‘In order to do that I will need to meet her—talk with her.’

‘No way.’

Leaning back in his chair, Nikos laced his hands behind his head, lifting his legs so that they rested on the polished wood surface, feet crossed at the ankles.

‘But that’s ridiculous. Impossible!’

His one-sided shrug dismissed her protest as totally irrelevant.

‘That’s how it’s going to be.’

‘But there’s no way I can do my job if you won’t tell me anything, not even her name.’

But once again they had reached a sticking point. She could see it in his eyes, in the set of his stubborn jaw. She had had all the factual information he was going to allow her.

But there was one more thing he wanted to tell her.

‘All you need to know is that she is the only woman I have ever wanted to marry.’

Nikos was still lounging back in his chair, feet still on the desk. He looked supremely at ease, totally relaxed. But there was nothing comfortable or casual about the way that he added that final comment. Instead, he slipped it into her hard-won composure like the sharpest stiletto blade, sliding in between two of her ribs, aiming straight for her heart.

And it hurt so much that it destroyed every last trace of the already precarious self-control that she had been fighting to maintain ever since this conversation had started.

‘I can’t do this!’ she declared, shaking her head in despair at the situation in which she found herself. ‘I really can’t! You have to see that. Here I am, trying to arrange a wedding for a bride who to all intents and purposes doesn’t seem to exist.’

A stunning thought hit her, and she turned to glare into Nikos’s watchful face, green eyes clashing with gold in deliberate challenge.

‘She does exist, doesn’t she?’ He couldn’t have brought her here on some sort of wild goose chase, could he? And if he had, then why?

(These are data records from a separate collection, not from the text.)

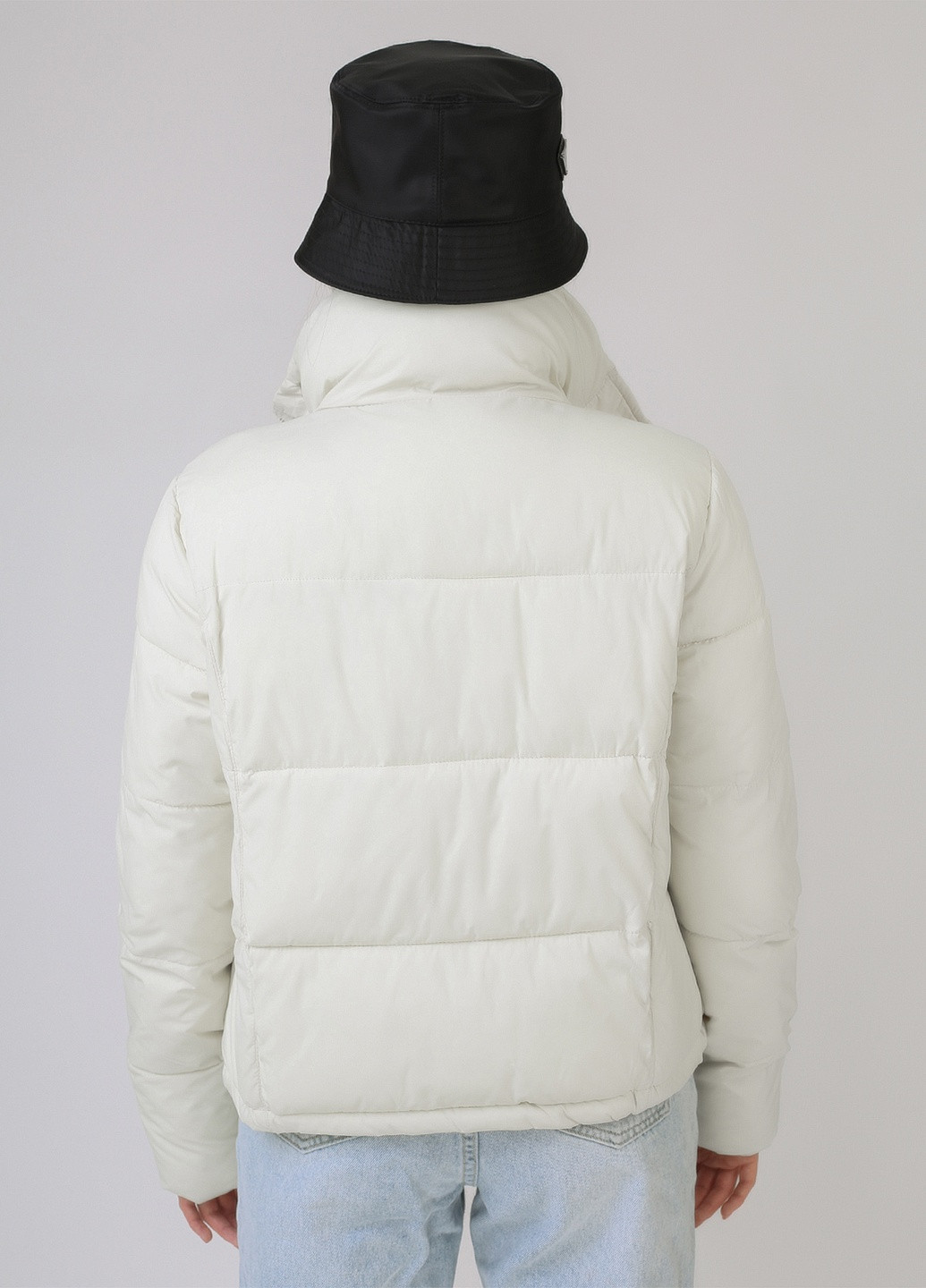Біла демісезонна стильна коротка куртка Yimeige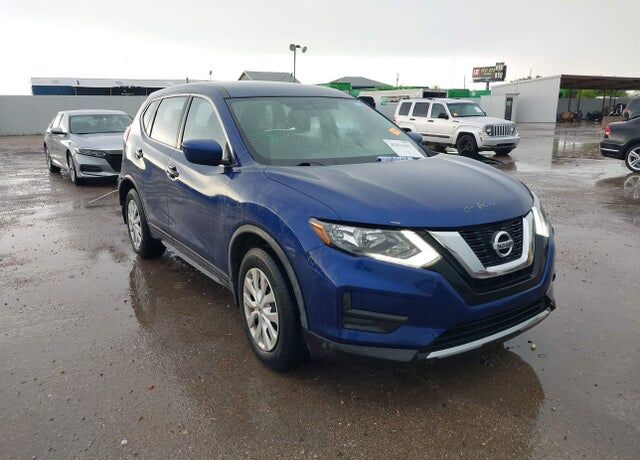 2017 NISSAN Rogue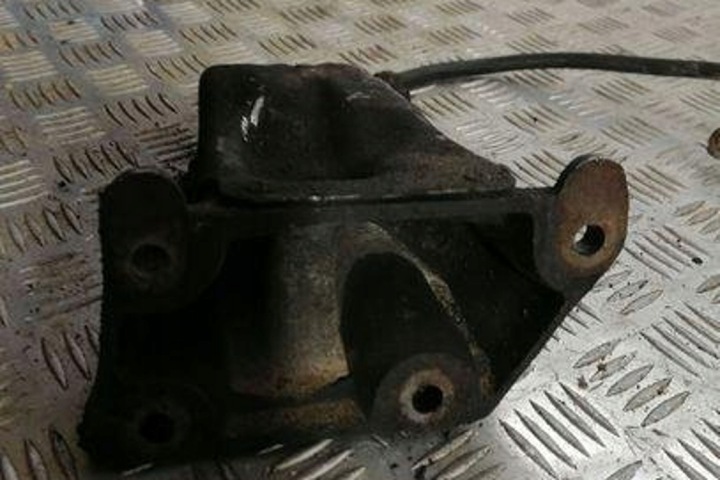 GAUCHE POIGNÉE MOTEUR BMW 5 TOURING (E61) 6771072 2.99L DIESEL 170KW 2009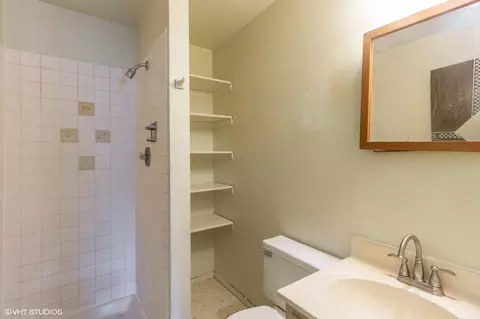 682 W Main St, Cary, IL 60013 photo 10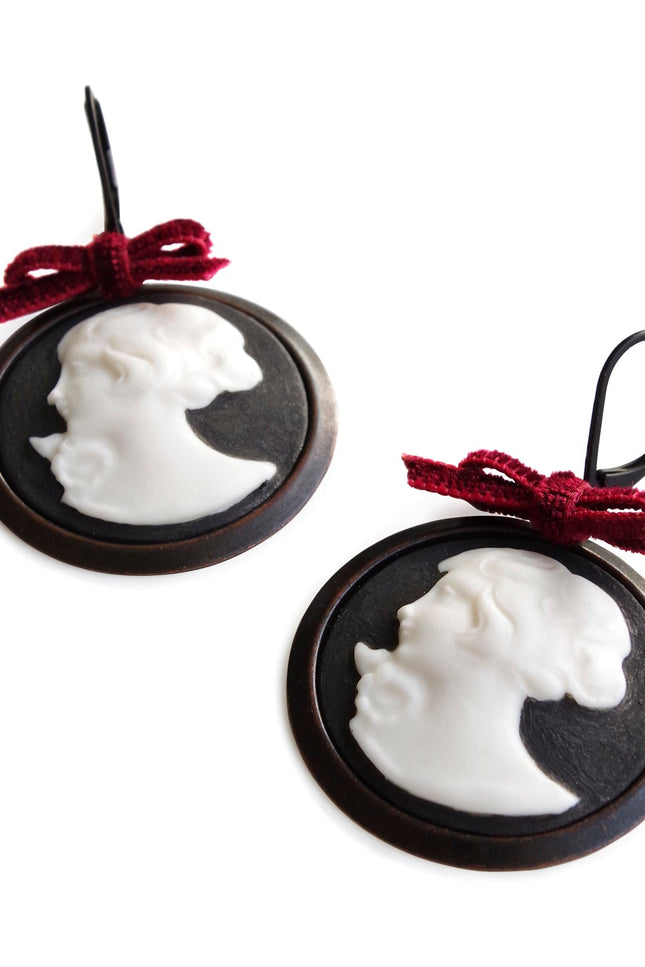 Poporcelain | Dark Romance Goddess Round Cameo Drop Earrings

Nikos adjusted his position, taking his hands from behind his head and raking both of them through his hair, ruffling its sleek darkness in a way that was dangerously appealing. Sadie’s hands itched with the recollection of how it had felt to have the freedom to smooth through the black silky strands, curling them round her fingers.

‘Oh, she exists,’ he assured her. ‘She’s very definitely real.’

‘Then I want you to get in touch with her.’

Reaching for the phone, she snatched it up and held it out to him.

‘Get her on the phone—talk to her. You don’t even have to let me speak to her. I’ll just ask you the questions I need and you can get me her answers. At least that way I’ll know she’s been consulted—go on!’ she insisted, when Nikos simply stayed where he was, watching her without moving.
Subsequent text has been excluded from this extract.